Johnson JL, Rolan PE, Johnson ME, Bobrovskaya L, Williams DB, Johnson K, Tuke J, Hutchinson MR - Transl Psychiatry (2014)

Bottom Line: Chronic morphine therapy has been associated with paradoxically increased pain.IL-1RA reversed codeine-induced hyperalgesia (P<0.001) and allodynia (P<0.001), and TLR4 knock-out protected against codeine-induced changes in pain sensitivity.Glial attenuation with ibudilast reversed codeine-induced allodynia (P<0.001), and thus could be investigated further as potential treatment for codeine-induced pain enhancement.

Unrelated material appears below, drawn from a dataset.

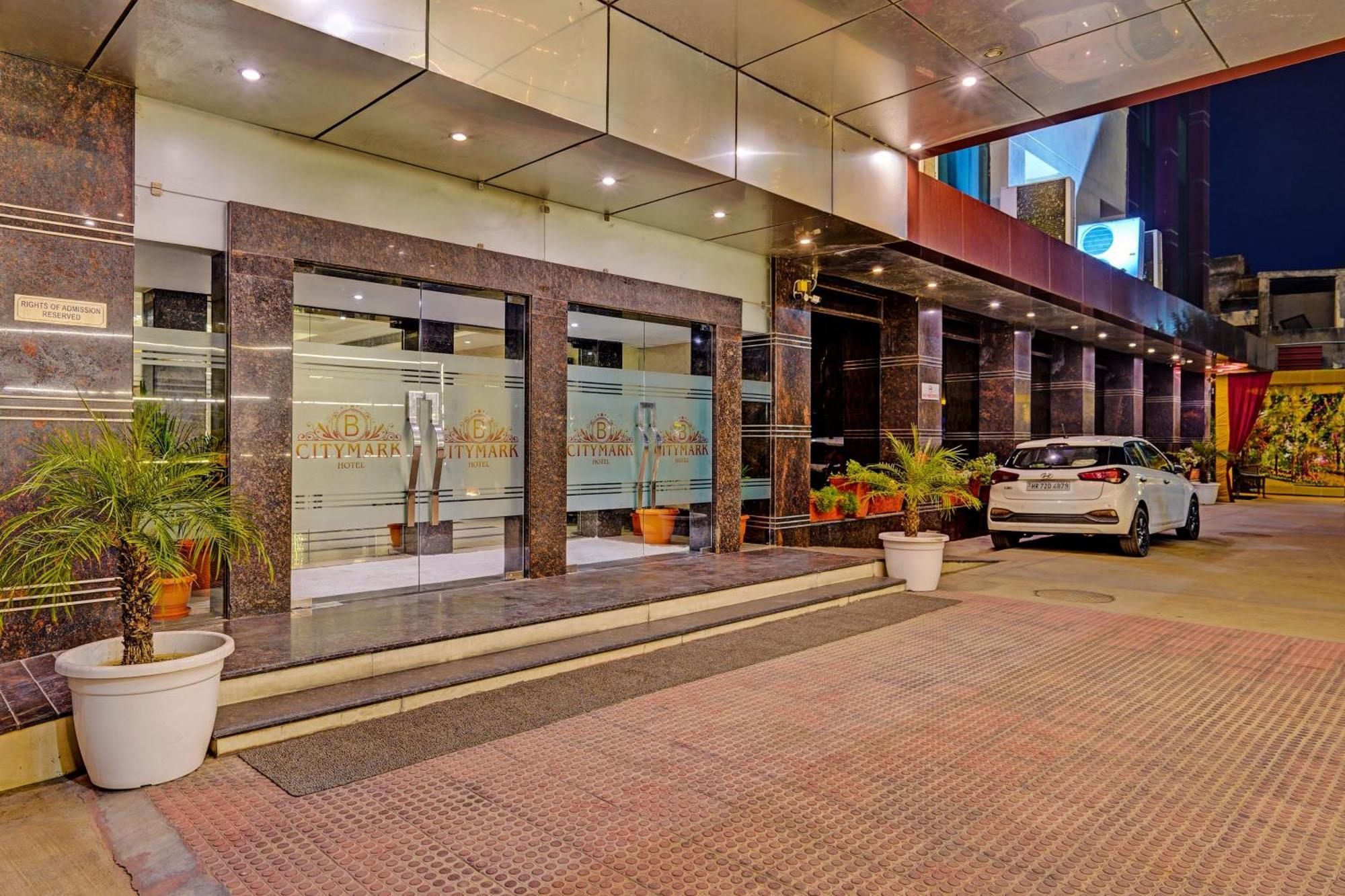 Hotel Marina Near Igi Airport Delhi ニューデリー エクステリア 写真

View Article: PubMed Central - PubMed

Affiliation: Discipline of Pharmacology, School of Medical Sciences, University of Adelaide, Adelaide, SA, Australia.

ABSTRACT
Chronic morphine therapy has been associated with paradoxically increased pain. Codeine is a widely used opioid, which is metabolized to morphine to elicit analgesia. Prolonged morphine exposure exacerbates pain by activating the innate immune toll-like receptor-4 (TLR4) in the central nervous system. In silico docking simulations indicate codeine also docks to MD2, an accessory protein for TLR4, suggesting potential to induce TLR4-dependent pain facilitation. We hypothesized codeine would cause TLR4-dependent hyperalgesia/allodynia that is disparate from its opioid receptor-dependent analgesic rank potency. Hyperalgesia and allodynia were assessed using hotplate and von Frey tests at days 0, 3 and 5 in mice receiving intraperitoneal equimolar codeine (21 mg kg(-1)), morphine (20 mg kg(-1)) or saline, twice daily. This experiment was repeated in animals with prior partial nerve injury and in TLR4 mutant mice. Interventions with interleukin-1 receptor antagonist (IL-1RA) and glial-attenuating drug ibudilast were assessed. Analyses of glial activation markers (glial fibrillary acid protein and CD11b) in neuronal tissue were conducted at the completion of behavioural testing. Despite providing less acute analgesia (P=0.006), codeine induced similar hotplate hyperalgesia to equimolar morphine vs saline (-9.5 s, P<0.01 and -7.3 s, P<0.01, respectively), suggesting codeine does not rely upon conversion to morphine to increase pain sensitivity. This highlights the potential non-opioid receptor-dependent nature of codeine-enhanced pain sensitivity-although the involvement of other codeine metabolites cannot be ruled out. IL-1RA reversed codeine-induced hyperalgesia (P<0.001) and allodynia (P<0.001), and TLR4 knock-out protected against codeine-induced changes in pain sensitivity. Glial attenuation with ibudilast reversed codeine-induced allodynia (P<0.001), and thus could be investigated further as potential treatment for codeine-induced pain enhancement.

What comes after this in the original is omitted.